The Deputy Prime Minister says because New Zealand and our Australian cousins are "beating the crap" out of coronavirus so successfully, restrictions on trans-Tasman travel could be lifted as soon as alert level 2.
But it seems to contradict the official alert level 2 rules and under Winston Peters' plan, Australian arrivals wouldn't even need to be quarantined.
The idea is to let Kiwis and Australians cross the ditch creating a trans-Tasman 'bubble', which Peters said could happen "as soon as we can possibly guarantee the security on both sides of the border".
And he thinks that "could happen at level 2".
The official Government advice is clear: At alert level 2 people should avoid non-essential travel, and that's just within New Zealand.
"When you think about some of the outbreaks we've had, it's often been that regional movement that's been problematic for us," Prime Minister Jacinda Ardern said.
But Peters seems to disagree. He thinks it's safe because we're smashing the virus.
"We're not going to eradicate it, but we're beating the crap out of it, and so is Australia."
And any trans-Tasman 'bubble' he designed would be quarantine free.
"In that circumstance of non-community transmission, we're able to do this without any quarantine requirement."
Again, that's out of step with the Prime Minister. When asked on Monday whether Australians would have to be quarantined upon arrival in New Zealand, she said that would be a "very likely prospect".
But Peters says he doesn't see that working.
"The moment you put in a 14-day quarantine requirement, forget it, it's not going to work."
Alert level 2 could be as little as two weeks away, and with ski season on the horizon, Queenstown desperately wants Australians - who make up 55 percent of New Zealand's tourism market - back in.
Peters is giving them a glimmer of hope.
"The Snowy Mountains are not a great place for skiing compared to New Zealand in the South Island, so we've got a chance here."
The Snowy Mountains are in New South Wales and contain the Australian mainland's highest mountain, Mount Kosciuszko.
Queenstown Mayor Jim Boult is sceptical about the trans-Tasman bubble happening any time soon but says it would be welcomed.
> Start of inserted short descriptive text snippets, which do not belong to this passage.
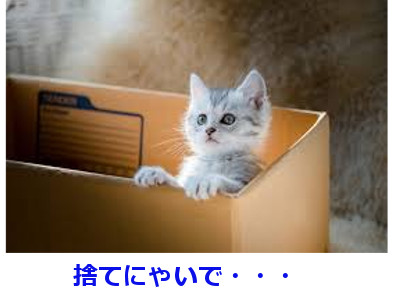 f:id:FairyForest:20190502183229j:plain f:id:FairyForest:20190502183229j:plain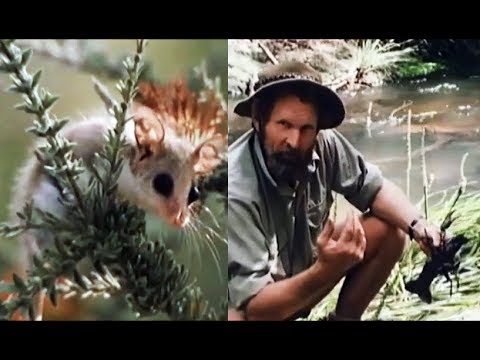 camera iphone 8 plus apk The Karri Forest - Harry Butler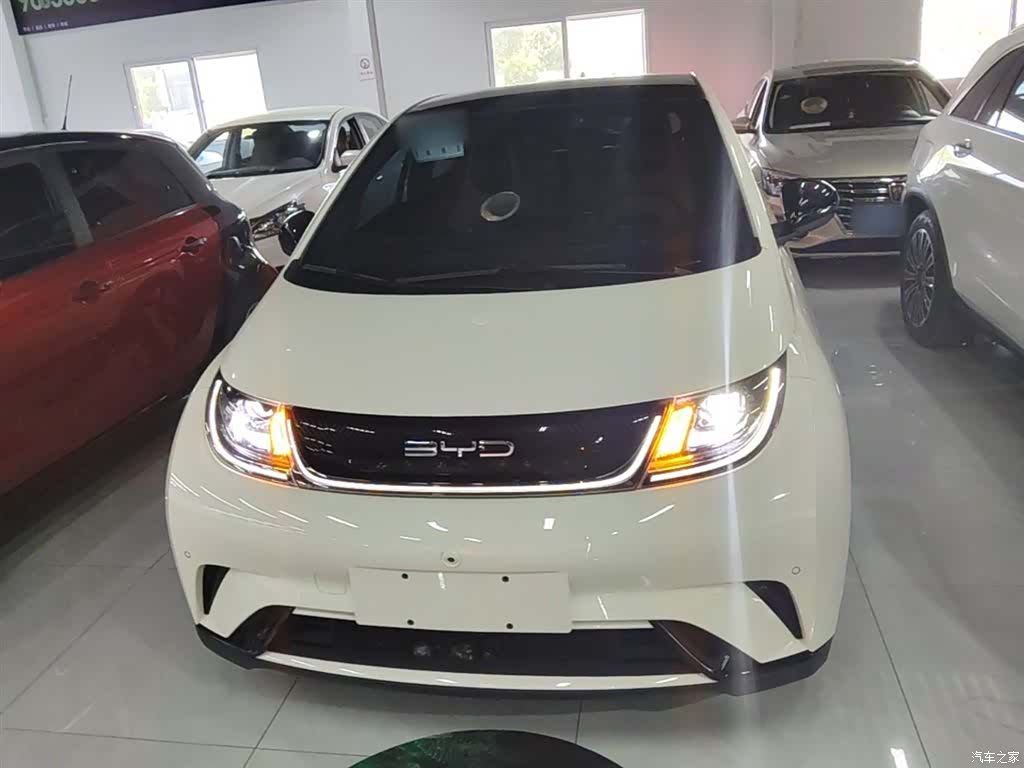BYD Dolphin, 2024 3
"I think it might be a bit of a stretch, but look, anything's possible, and we just simply need it, so if there's a way it can be done, we'd really love it to happen."
NZ Ski CEO Paul Anderson had a similar response.
"It is a surprise to hear those ideas being talked about, but you know, we would welcome it wholeheartedly if it happened."
While it was music to the ears in Queenstown, it was news to the ears of both trans-Tasman leaders.
"I would hope that would mean our ability to have movement between our countries but that is a longer-term goal," Ardern said on Thursday.
Australian Prime Minister Scott Morrison has said, "I can't see international travel occurring anytime soon."